What is in the thoughts of the government representatives and the more far-sighted politicians of, say, the Octobrist Party, is on the tongue of such undisguised reactionaries as Markov the Second, the diehard[3] from Kursk. During the debate on the resettlement problem in the Duma, this deputy declared frankly, with praiseworthy straight forwardness: “Yes, it is by means of resettlement that the government should solve the agrarian problem.” (First Session.)

There is no doubt that resettlement, if properly organised, could play a role of some importance in Russia’s economic development. To be sure, this role must not be overrated even today, when the condition of the Russian muzhik is so intolerable that he is willing to go anywhere, not only to Siberia, but to the end of the world; even today, when the peasants who own little or no land are encouraged in every way to migrate and settle as colonists, so as to keep them from the temptation of contemplating the landlords’ latifundia, and when the decree of November 9[4] has greatly facilitated for the settlers the liquidation of the remnants of their farms at home; even today, as even the apologists of the theory of a natural population increase must   admit. It is only in the gubernias that provide the largest percentage of emigrants (the South, West, and the black-earth central area of Russia), that their number equals the natural increase of the population, or slightly exceeds it.

Nevertheless, there is still a substantial reserve of unoccupied land in Siberia suitable for resettlement. True, very little has been done so far to ascertain the extent of that reserve even approximately. In 1896 Kulomzin set the re serve of land fit for resettlement at 130,000 per capita allotments. Since then ten times as many allotments have been apportioned, but the reserve has not yet been exhausted. On the contrary, according to estimates of the Resettlement Department, by 1900 the reserve of land suitable for resettlement amounted to three million per capita allotments, sufficient to provide for six million settlers. As we see, the figures differ considerably, and the range of the variation between them is very great.

Be that as it may, even discounting a certain percentage of the last-mentioned figures to allow for the usual bureaucratic complacency, it is certain that there is still a reserve of land in Siberia and that, consequently, its settlement could have a certain importance both for Siberia and Russia, provided it was properly organised.

It is just this conditio sine qua non that the present government does not comply with. The present organisation of resettlement once again demonstrates and proves that our “old order” is quite incapable of meeting even the most elementary economic requirements of the population. The bad organisation of resettlement is additional evidence that the present masters of the situation are powerless to do anything at all for the economic progress of the country.

An explanation of the trend, character and implementation of the resettlement policy was given by the Social-Democratic deputies to the Duma in their speeches during each year’s discussion of budget appropriations for the Resettlement Department.

What is the government’s aim in resettling the peasants?
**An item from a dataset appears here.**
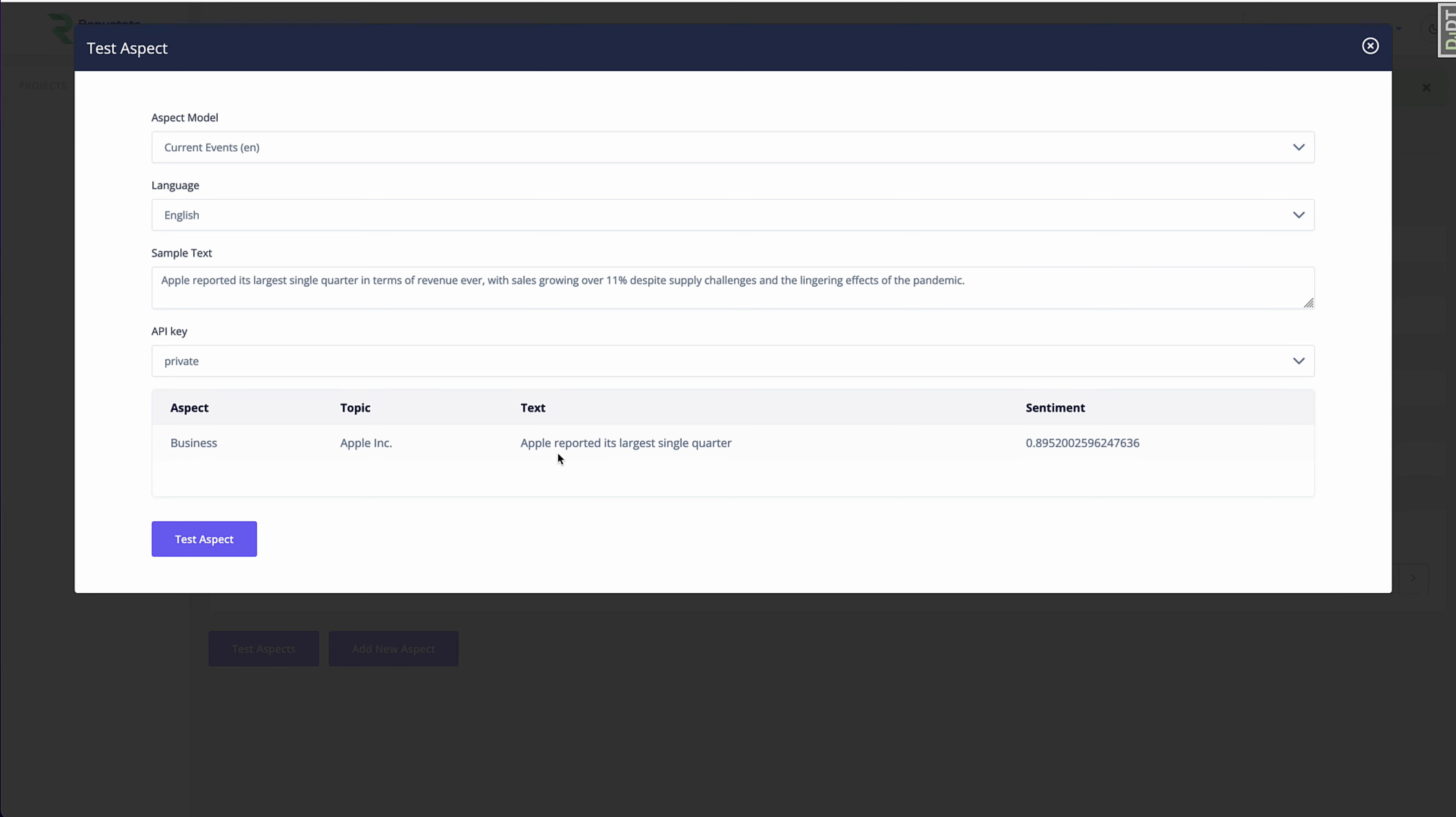So that was really a quick and simple illustration of how you can create your own aspect model, leveraging named entity recognition that we've already created and offer all of our customers. You can also mix and match with keywords still. So you don't have to do named entity recognition, you could still do a little bit of both. But there's a lot of flexibility.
That is the main question, the answer to which determines the answer to all the others; for the aim of the government’s resettlement policy determines its entire character.

Deputy Voiloshnikov, who spoke for the Social-Democratic   group at the Second Session of the Duma, described as follows the government’s aims in resettling the peasants: “The resettlement policy is an element of the government’s agrarian policy as a whole. When the landlords needed economically weak or insecure peasants as a source of cheap labour, the government did everything to impede resettlement and to keep the surplus population where it was. What is more, it strongly opposed voluntary migration, trying thereby to close that safety valve. But the natural growth of the population went on, and times changed. Storm clouds—the proletariat and the starving peasantry—loomed large, with all their consequences. The government and the landlords seized upon resettlement, which, together with the decree of November 9, they made the basis of their agrarian policy. However, in regard to implementing the decree, attention was centred on the economically strong and prosperous, on taking the land from the poor and transferring it to the prosperous peasants. But in regard to resettlement it is a matter of packing off the poor peasants to Siberia in as large numbers as possible; and while lately there has been evidence of a tendency to an increase in the average proportion of prosperous settlers, the bulk still consists of weak peasants, to use Stolypin’s terminology. The land commit tees are also taking part, or, I should say, have been en listed to take part in this business of packing off peasants in increased numbers.

The land committees have been charged with assigning the settlers their plots and thus putting an end to the for mer agrarian disorders. It follows, gentlemen, that the decree of November 9, the vigorous advertisement of resettlement, the vigorous drive to pack off the weak peasants to Siberia, and the activities of the land committees are two closely connected aspects of the same problem and the same policy. It will be readily seen that the implementation of the decree of November 9 helps settlement of the prosperous and strong on the allotments at the expense of the weak peasants, and will thereby help to squeeze out these weak elements, who are not very suitable as settlers, into border regions that are alien to them. Both as regards the village commune and migration, the government’s resettlement policy has been guided solely by the interests of a handful of semi-feudal landlords   and of the ruling classes in general, who are oppressing the masses of workers and the labouring peasantry. The government shows no understanding of the elementary requirements of the country and of the needs of the national economy.” (Second Session, 77th sitting.)

This aspect of the matter was disclosed most fully by Deputy Chkheidze (in his speech during the Second Session of the Duma), who drew a detailed picture of the resettlement policy in the Caucasus.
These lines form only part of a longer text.